Not trying to sound like a biased douchebag or anything...But...Never really seen anything too good from Lenovo personally. Then again, I've stayed away from them a long long time ago. You ever consider MSI, Acer or Asus? I've seen and experienced personally, amazing laptops made by them, that I've never seen with Lenovo before in my life.
Laptops are pretty tricky. A lot of the major players in the market (Lenovo included) don't even design their own laptop models, they subcontract an ODM (original design manufacturer) to design and build them, and slap their logo on them (sometimes with customizations here and there, depending on how large the company is). That's one of the many reasons that the quality, feature set, and build can vary so much even between different models within the same series.
Just as an example, you might feel that Dell and HP have nothing in common, but both the Dell XPS and HP Spectre were
designed and manufactured by Compal, an ODM based in Taiwan. Similarly, several of the products MSI and System76 sell are little more than rebadged
Clevo laptops. It's possible for one company to use multiple ODMs as well, so you can't say that all Dell laptops were designed by Compal. It might be a Quanta, Inventec, Wistron, Pegatron, or Foxconn design, depending on its age and model.
So, yeah, it's pretty likely that the Legion wasn't designed or manufactured by the same company that designed the lower-end Lenovos. The only fair metrics you can really use to judge laptops is by how good that specific model is and how good the company's support is (should you need to use it). Beyond that, it's anyone's guess.
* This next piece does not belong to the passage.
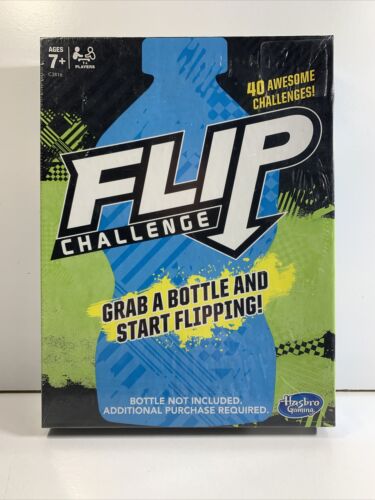 Flip Challenge Bottle Flipping Game 40 Challenges Targets Cards Hasbro Age 7+  - Picture 1 of 4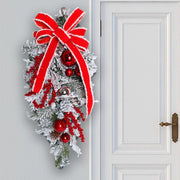 New Flocking Wreath Outdoor Decoration Door Hanging Christmas Wreath Rattan - My Store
It's complicated, it's annoying, and it explains so much of the inconsistent hardware-related crap I saw when I was still doing IT field work.
Really can't justify getting a laptop over a desktop unless you travel a lot or (like me) just wanted one since childhood and only now has the A money, and B a (albeit not strong) reason to justify getting one.
I'd say the pendulum is kinda shifting with the rise of Thunderbolt. If I didn't do much PC gaming, I'd use a laptop along with a TB dock for everything. Plug it in and it's effectively a desktop: charging, displaying to my monitors, using my keyboard/mouse, on a wired network, and connected to my hi-fi. Unplug it and I'm fully portable again. It definitely helps that there aren't as many compromises with laptops as there were 10 years ago.
Laptop gaming is still kind of a niche thing, of course. I'm not sure how many of them support docking, but it wouldn't surprise me if they also started pushing into that direction soon. Kinda seems like it would be a marketing boon to me.